== DATA RECORDS ==

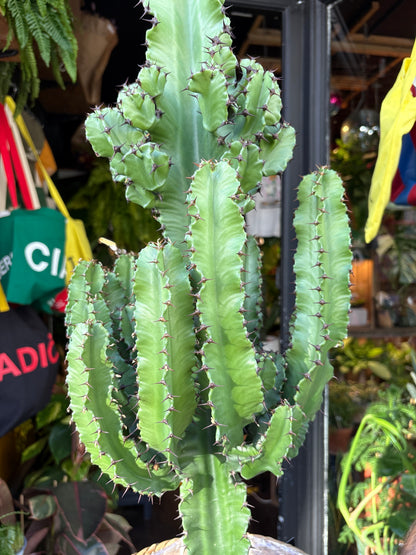 Euphorbia ingens succulent in 24cm pot outside Urban Tropicana plant shop in Chiswick, London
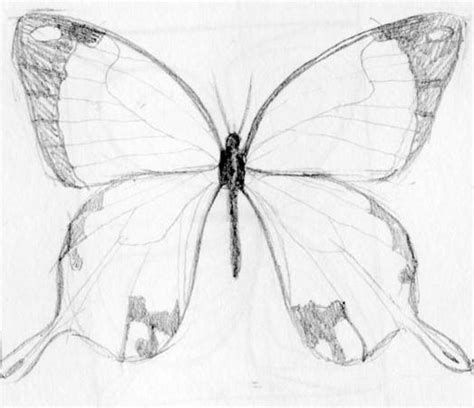 Come Disegnare Una Farfalla Stadi Laboratorio Matita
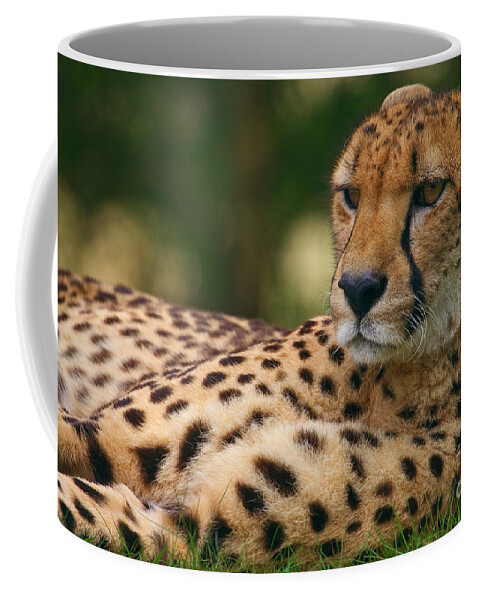 Close-up Coffee Mug featuring the photograph Close-up portrait of a cheetah by Nick Biemans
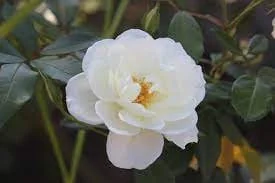 Victory White Camellia Live Plant - 4 inch Pot, Evergreen Shrub, White Flowers - Image 1
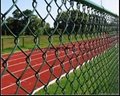 Football wire mesh fence 4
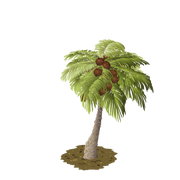 Palm last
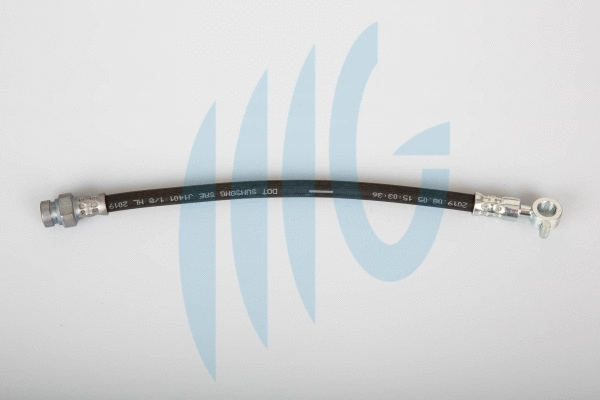 Flexible de frein RICAMBIFLEX GM 02160962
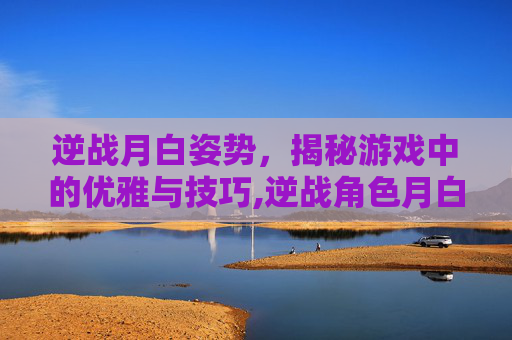 逆战月白姿势，揭秘游戏中的优雅与技巧,逆战角色月白技能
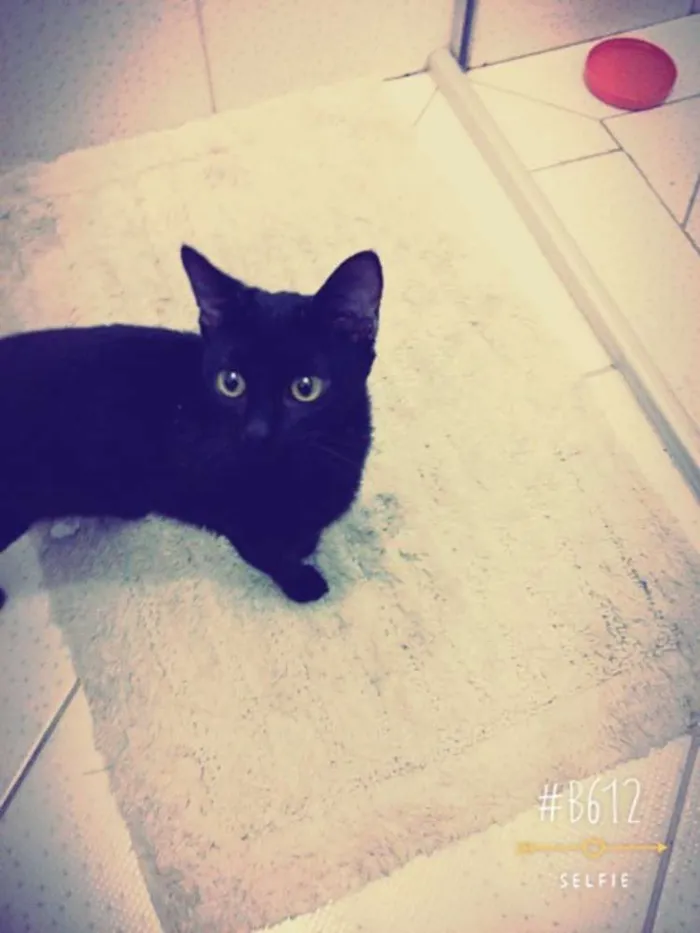 Gato ra a Não constatado  idade 1 ano nome Luna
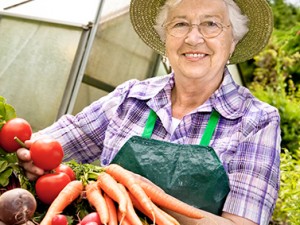 O verão apresenta suas frutas e verduras da estação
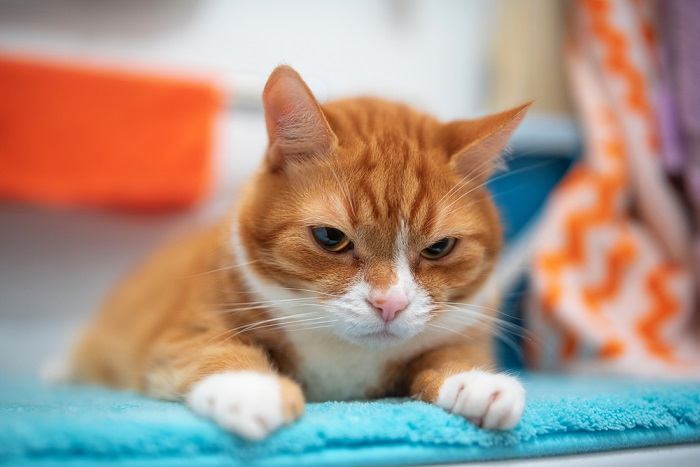 chat allongé sur un tapis de salle de bain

== TRY IT ==
Give back the whole listing exactly as written. Do not include any picture.

== RESPONSE BOX ==
 Euphorbia ingens succulent in 24cm pot outside Urban Tropicana plant shop in Chiswick, London
 Come Disegnare Una Farfalla Stadi Laboratorio Matita
 Close-up Coffee Mug featuring the photograph Close-up portrait of a cheetah by Nick Biemans
 Victory White Camellia Live Plant - 4 inch Pot, Evergreen Shrub, White Flowers - Image 1
 Football wire mesh fence 4
 Palm last
 Flexible de frein RICAMBIFLEX GM 02160962
 逆战月白姿势，揭秘游戏中的优雅与技巧,逆战角色月白技能
 Gato ra a Não constatado  idade 1 ano nome Luna
 O verão apresenta suas frutas e verduras da estação
 chat allongé sur un tapis de salle de bain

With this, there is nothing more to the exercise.